HF Launches $4.6 Million Initiative
RFP Offers Bridging Grants for Texas Mental Health Services
January 1, 2005
A new $4.6 million grantmaking initiative to help mental health service providers in Texas bridge short-term funding gaps has been announced by the Hogg Foundation for Mental Health.
The Hogg Foundation's Special Mental Health Services Initiative seeks proposals from non-profit mental health organizations (public and private) that currently provide direct mental health services to children, adults, or families. One-year grants of up to $100,000 will be awarded based upon the strength of the applicant's plans for maintaining, restoring, or refocusing direct services to specific target populations of consumers in Texas. Proposals must be postmarked no later than January 31, 2005.
The Hogg Foundation's special initiative responds to recent state policy changes and funding cuts that have created significant pressures on local public and private non-profit mental health organizations and services, said King Davis, executive director of the Hogg Foundation.
"State budget reductions to the public mental health system and reductions in Medicaid rates and the reduction or loss of CHIP mental health benefits have constrained the capacity of the state mental health service providers to maintain service levels, while private non-profit mental health organizations have been unable to keep pace with the demand for clinical services," Davis explained.
At the same time, Davis said, public mental health service providers are struggling with their transition to rules set by the 78th Texas Legislature that restricted the public system to treating only three specific diagnoses (bipolar disorder, schizophrenia, and clinically severe depression), or clients in crisis. This restructuring has raised many concerns across the state, particularly in areas that have seen significant decreases in access to clinical services.

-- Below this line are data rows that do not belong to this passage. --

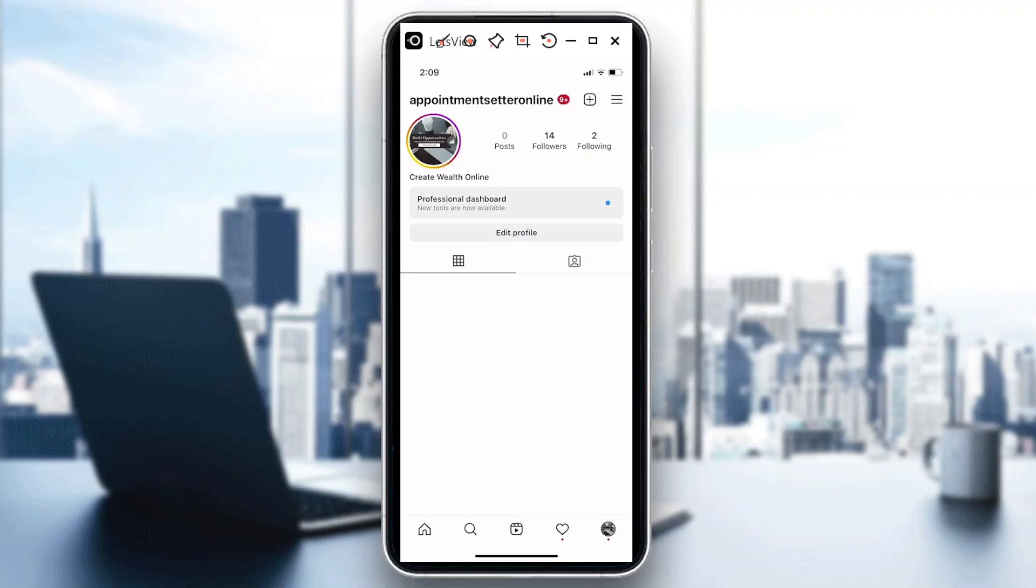Hello guys, welcome back to our channel. In today's video, I'm going to show you how to create an Instagram campaign story in Instagram ads.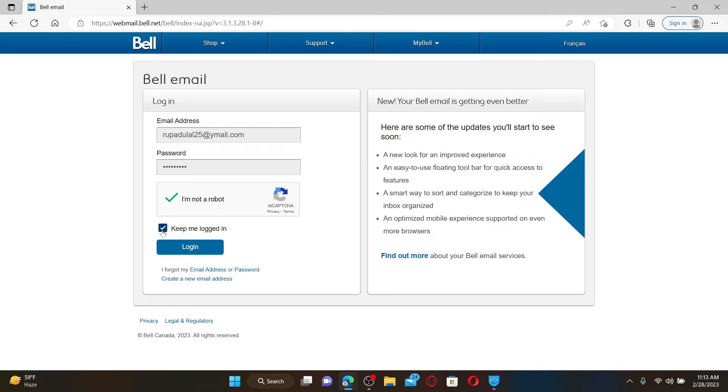Finally, click on the login button in order to access your Bell email account.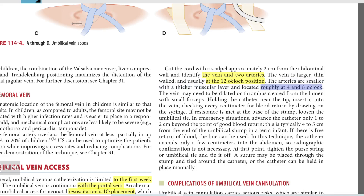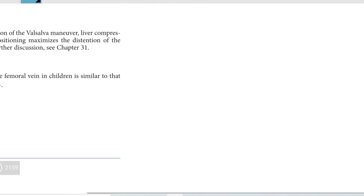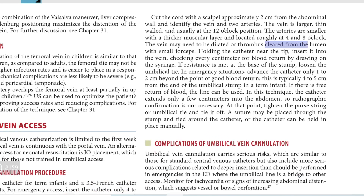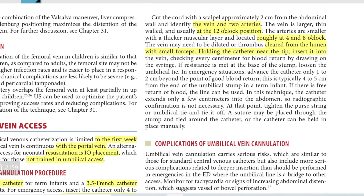The vein may need to be dilated or cleared of thrombus from the lumen with a small forceps. Holding the catheter near the tip, insert it into the vein, checking every centimeter for blood return by drawing back on the syringe. If resistance is met at the base of the stump, loosen the umbilical tie.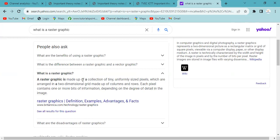Raster graphic is made up of a collection of tiny, uniformly sized pixels, which are arranged in a two-dimensional grid made up of columns and rows.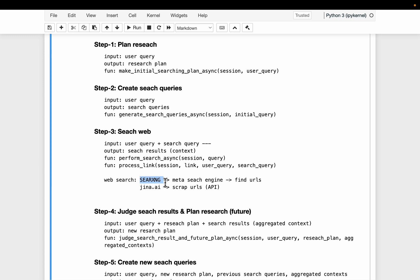So it's like a replacement for Google. Without Google API, we can use the search engine to search the specific queries. And then, for the actual scraping, we're going to use jina.ai for scraping.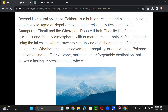Beyond its natural splendor, Pokhara is a hub for trekkers and hikers, serving as a gateway to some of Nepal's most popular trekking routes such as the Annapurna Circuit and the Ghorepani Poon Hill trek. The city itself has a laid-back and friendly atmosphere, with numerous restaurants, cafes, and shops lining the lakeside where travelers can unwind and share stories. Whether seeking adventure, tranquility, or good food, Pokhara has something to offer everyone, making it an unforgettable destination.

Davis noted that a second source of pressure has been the reallocation and redistribution of public mental health services by the legislative designation of specific diagnoses that qualify for treatment.
Adults with psychiatric disorders other than the three specified diagnoses (bipolar disorder, schizophrenia, and clinically severe depression) fall outside the priority population and will receive publicly-funded services only when they are in crisis or when service providers have surplus funds. News articles and public commentary in a number of cities and rural areas have raised concerns over this new pattern of service provision, particularly where major decreases have occurred in the quantity of clinical services available.
"Our goal with this Special Mental Health Services Initiative is to provide agencies and organizations with short-term financial support for direct service delivery during this period of declining and uncertain funding," Davis said.
Funding under the SMHSI will be available statewide, including rural and urban areas, with efforts made to ensure that each region of the state receives funding. The Houston/Harris County region will be eligible for approximately $1.5 million solely for direct mental health services to children and families, in accordance with the wishes of the foundation's benefactor. Public and private nonprofit organizations that provide direct mental health services for DSM IV diagnoses are encouraged to apply. Examples of organizations include local school systems, community mental health centers, child guidance clinics, hospitals, and criminal justice (adult and juvenile) facilities.
Application eligibility is limited to nonprofit mental health organizations that are exempt under Section 501(c)(3) of the IRS code, governmental agencies, or institutions of higher learning. All applicants must consider that the grant applications will be evaluated on the strength of their plans for maintaining, restoring, or refocusing direct services to specific target populations of consumers in Texas.
To manage the SMHSI, the Hogg Foundation hired Debbie Berndt as a temporary senior program officer through the spring, 2005. She will have principal responsibility for implementing and managing the Special Mental Health Services Initiative and assisting the Foundation in ongoing discussions with public and private groups in Houston/Harris County that focus on developing a long-term plan for meeting the mental health needs of children and families.
As a former director of children's services for the former Texas Department of Mental Health and Mental Retardation, Berndt has considerable experience in children's mental health services. Her career highlights include serving as a senior policy analyst with the Texas Commission on Children and Youth, and a public policy specialist and consultant with the Mental Health Association of Texas.
In addition to the special request for proposals, Davis said that the Hogg Foundation is also expanding its existing outreach services to offer specific assistance to non-profit (public and private) mental health organizations in their efforts to obtain alternative funding or to redesign their current local service delivery systems.